Would you buy and renovate a property in France? Soaring numbers of borrowers with interest-only mortgages are turning to high-cost equity release pay off mortgage or invest calculator to avoid losing their family home.
Around one million homeowners are lumbered with interest-only mortgages that they don’t know how to repay. With these deals you pay just the interest on a loan and have to repay the capital at the end of your term. The City regulator, the Financial Conduct Authority, has warned of a wave of repossessions in 15 months’ time because many of these borrowers have ignored warnings that they have not planned for a way to pay back what they owe.

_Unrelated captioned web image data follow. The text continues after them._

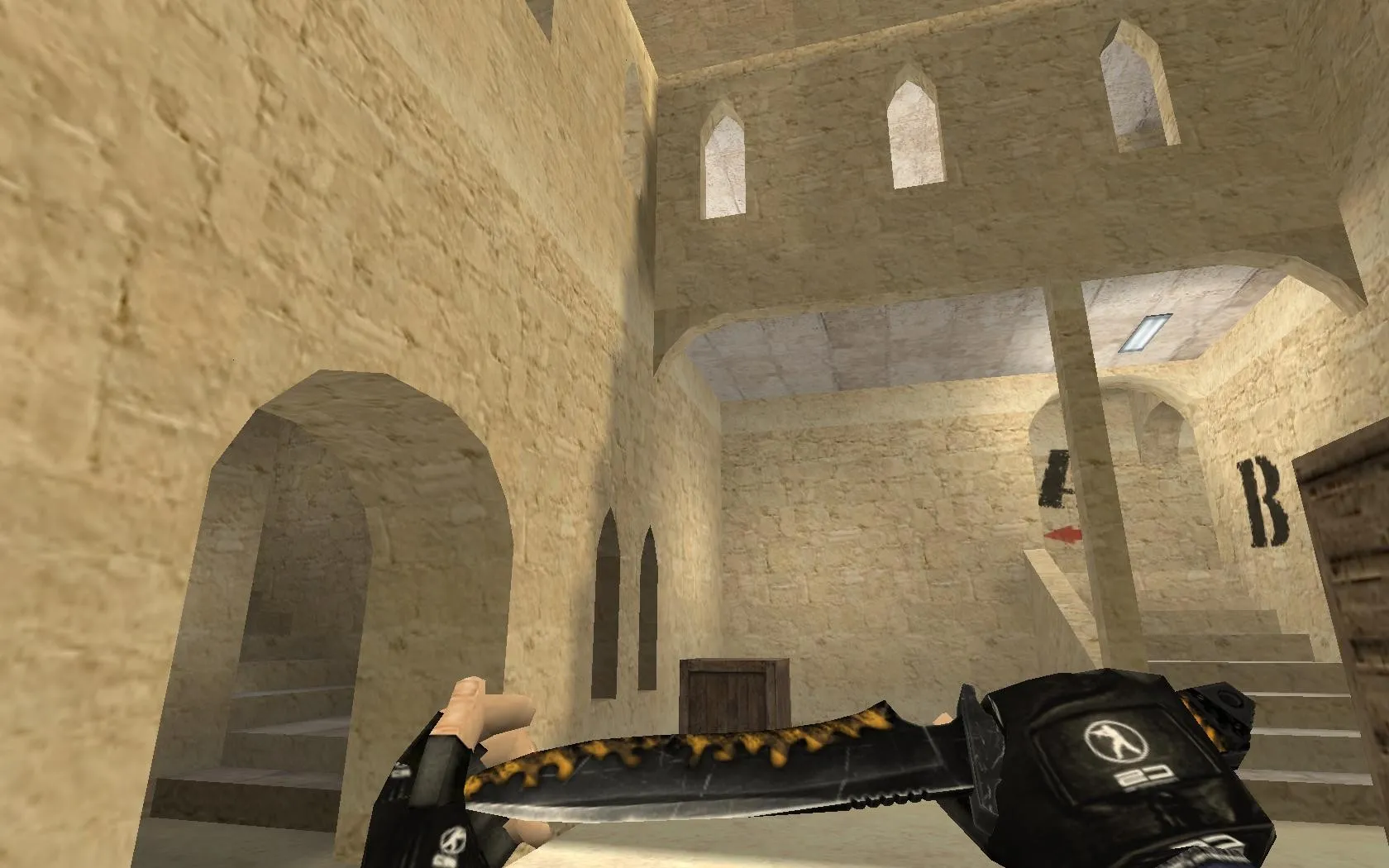 Скриншот  Карта de_sandman для CS 1.6: Технический обзор и стратегии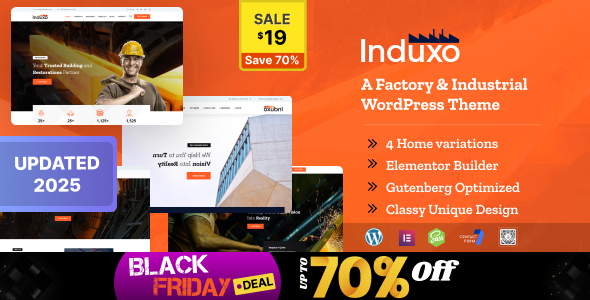 Induxo - Industry WordPress Theme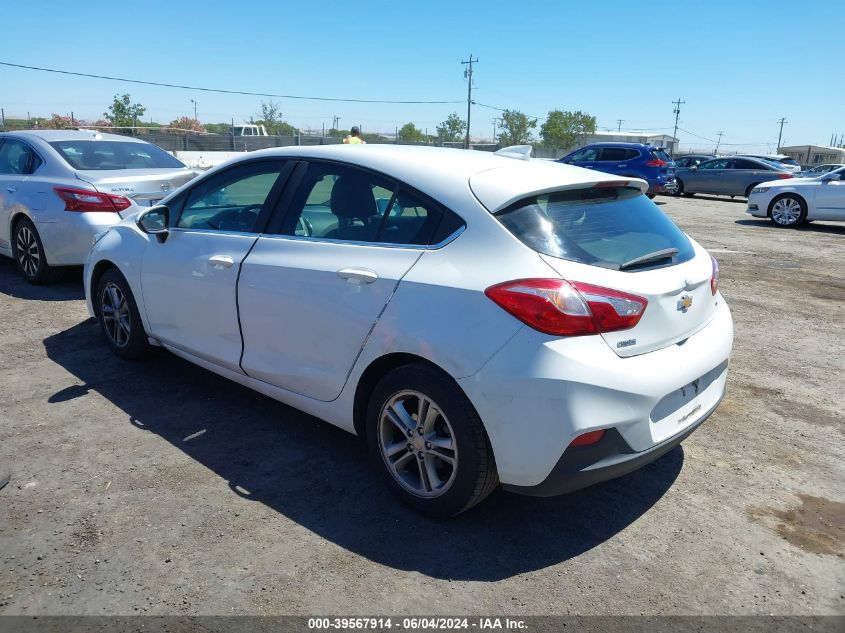 2017 Chevrolet Cruze Lt Auto VIN: 3G1BE6SM2HS508741 Lot: 39567914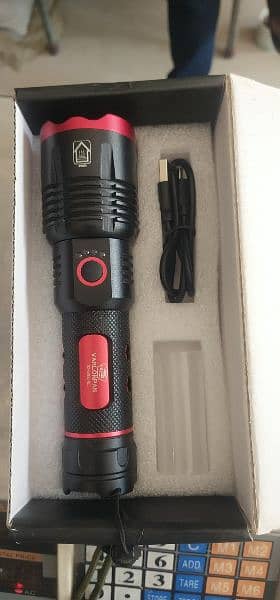 army torch light water proof, chargeable 1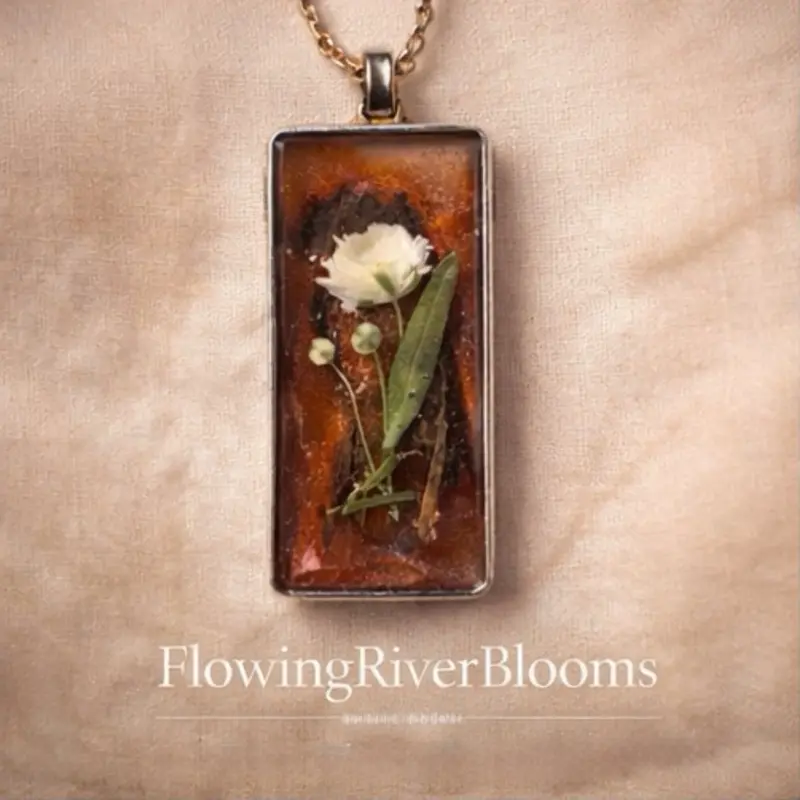 Resin Flower Pendant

So in a last-gasp bid to stay in their property, huge numbers are cashing in on the value of their home by using equity release to take out loans worth tens of thousands of pounds.
They then use this money to pay off their interest-only debt. Equity release is a high-cost type of loan that allows homeowners to take a cash lump sum based on the value of their property. An estimated one in three borrowers who took an equity release loan last year did so to pay off mortgage debt, figures from specialists Key Retirement Services reveal. But these equity release deals can be eye-wateringly expensive because borrowers don’t typically repay any interest on the loan, so the debt builds up and can more than double in a decade. The money is typically repaid when the homeowner dies or goes into care and the property is sold. It is clear that paying off interest-only mortgages is a major and growing reason for taking out an equity release loan.
And as more and more interest-only loans mature for mortgage prisoners, we expect numbers to increase even further. 3 million homeowners with an interest-only mortgage. This type of loan was popular in the Eighties and Nineties. Those who took one out also typically had to save into an endowment investment policy, which was supposed to pay off the mortgage, plus a bit extra.
But many of these plans failed, leaving borrowers with shortfalls. Others expected a windfall or planned to start saving, but neither happened. Some had planned to re-mortgage at the end of their term but are now finding strict new rules mean banks won’t lend to them. Interest-only borrowers owe the banks billions. An investigation by the Financial Conduct Authority revealed around 600,000 interest-only loans are due to mature before 2020. A further 260,000 have no repayment plan in place whatsoever.